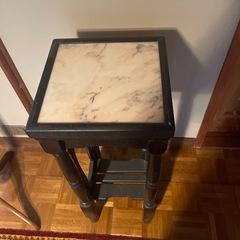 サイドテーブルの画像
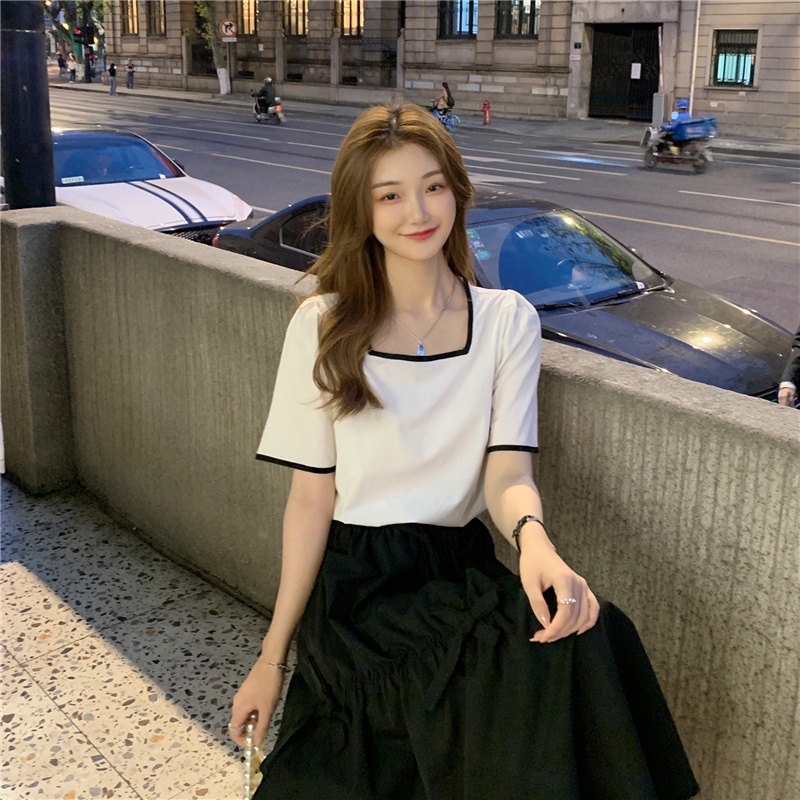 Áo Thun Tay Ngắn Cổ Vuông Màu Sắc Đơn Giản Phong Cách Hàn Quốc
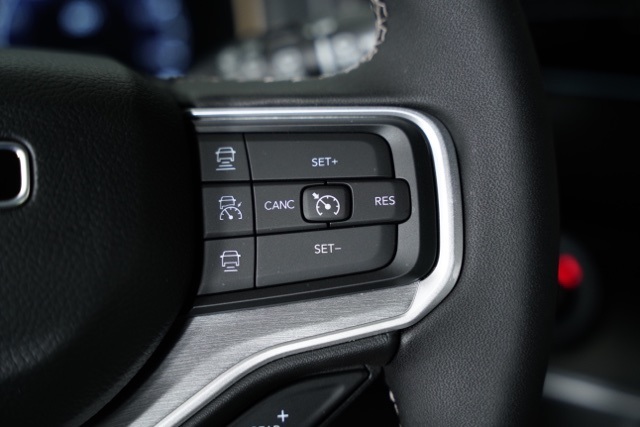 2025 Jeep Wagoneer Series II photo 5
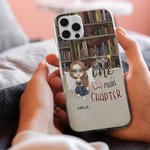 Personifierad Cozy Bed Just One More Chapter Mobilskal med namn Födelsedag Jul Läspresent till syster Vän Bokälskare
● ● ●
--- YOUR ASSIGNMENT ---
Exclude the images, then output the data above word for word.

--- YOUR RESPONSE ---
 サイドテーブルの画像
 Áo Thun Tay Ngắn Cổ Vuông Màu Sắc Đơn Giản Phong Cách Hàn Quốc
 2025 Jeep Wagoneer Series II photo 5
 Personifierad Cozy Bed Just One More Chapter Mobilskal med namn Födelsedag Jul Läspresent till syster Vän Bokälskare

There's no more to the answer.